Mr Finkielkraut was also less guarded speaking to foreign journalists. "The things he is saying to us in the course of our conversation, he repeatedly emphasises, are not things he can say in France any more," Dror Mishani and Aurelia Smotriez wrote in Haaretz, under the title: "You the Israelis, you understand me."

The satirical puppet show Les Guignols de l'Info now portrays the extreme right-wing leader Jean-Marie Le Pen as forlorn at having lost his monopoly on racist rhetoric. Since the riots, mainstream politicians have suggested reversing the naturalisation of disorderly citizens and punishing parents of delinquent teenagers.

The Haaretz journalists noted that Mr Finkielkraut's comments came, not from a member of the National Front, "but a philosopher formerly considered one of the most eminent spokesmen of the French left, one of the generation of philosophers who emerged at the time of the May 1968 student revolt".

In one of his most criticised statements, Mr Finkielkraut said: "Actually, the national [ football] team today is black-black-black, which arouses ridicule throughout Europe."

He called the riots "an anti-republican pogrom" and added: "I don't think any Jew would ever do a thing like this . . . When an Arab torches a school, it's rebellion.

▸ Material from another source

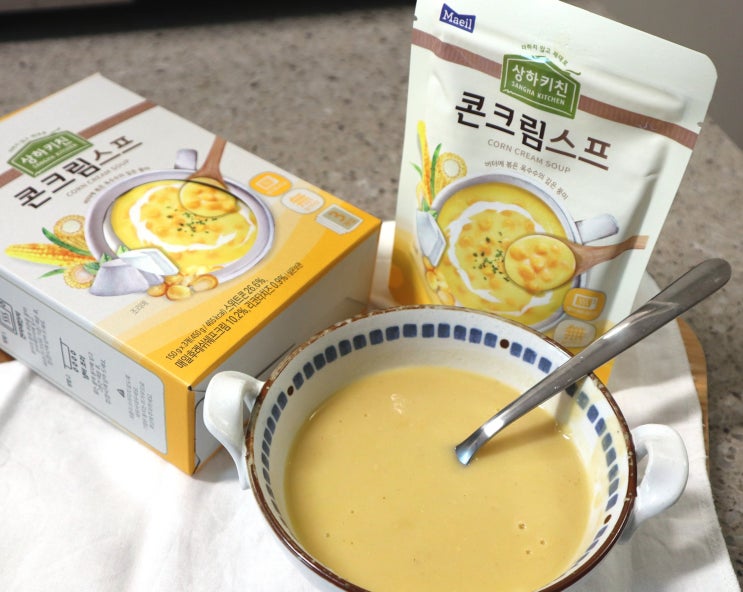  매일유업 상하키친 콘크림스프로 간편하게 차리는 아침식사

When a white guy does it, it's fascism."

Mr Finkielkraut's Polish grandparents were murdered in Auschwitz. His father was deported from France to Auschwitz but survived.

"This country deserves our hatred," he said. "What it did to my parents was much more violent than what it did to Africans. What did it do to Africans? It did only good. It put my father in hell for five years . . . And today, this hatred that the blacks have is even greater than that of the Arabs."

Mr Finkielkraut predicted that the riots will worsen discrimi-

nation. "And certainly there are French racists. French people who don't like Arabs and blacks. And they'll like them even less now, when they know how much they're hated by them."

The philosopher said the accents of children of French immigrants made it impossible to hire them, and accused them of "butchering" the French language. "The question isn't what is the best model of integration, but just what sort of integration can be achieved with people who hate you," he added.

The Movement Against Racism and Anti-Semitism and for Peace dropped its lawsuit against Mr Finkielkraut for incitement to hatred after he told Europe 1 radio: "I present apologies to those whom this character that I am has hurt . . . The lesson is that I must no longer give interviews, in particular to newspapers where I don't control the outcome or the translation."

Charges of racism surfaced again in recent days when Francois Grosdidier, a right-wing UMP deputy with a background on the extreme right, said in the National Assembly: "In my town, in one out of two weddings the town hall resounds with you-yous [ a reference to ululation by north African Arab women at weddings]."

Mr Grosdidier earlier led a petition by 152 deputies and 49 senators to prosecute seven rap music groups accused of propagating anti-French and anti-white feeling.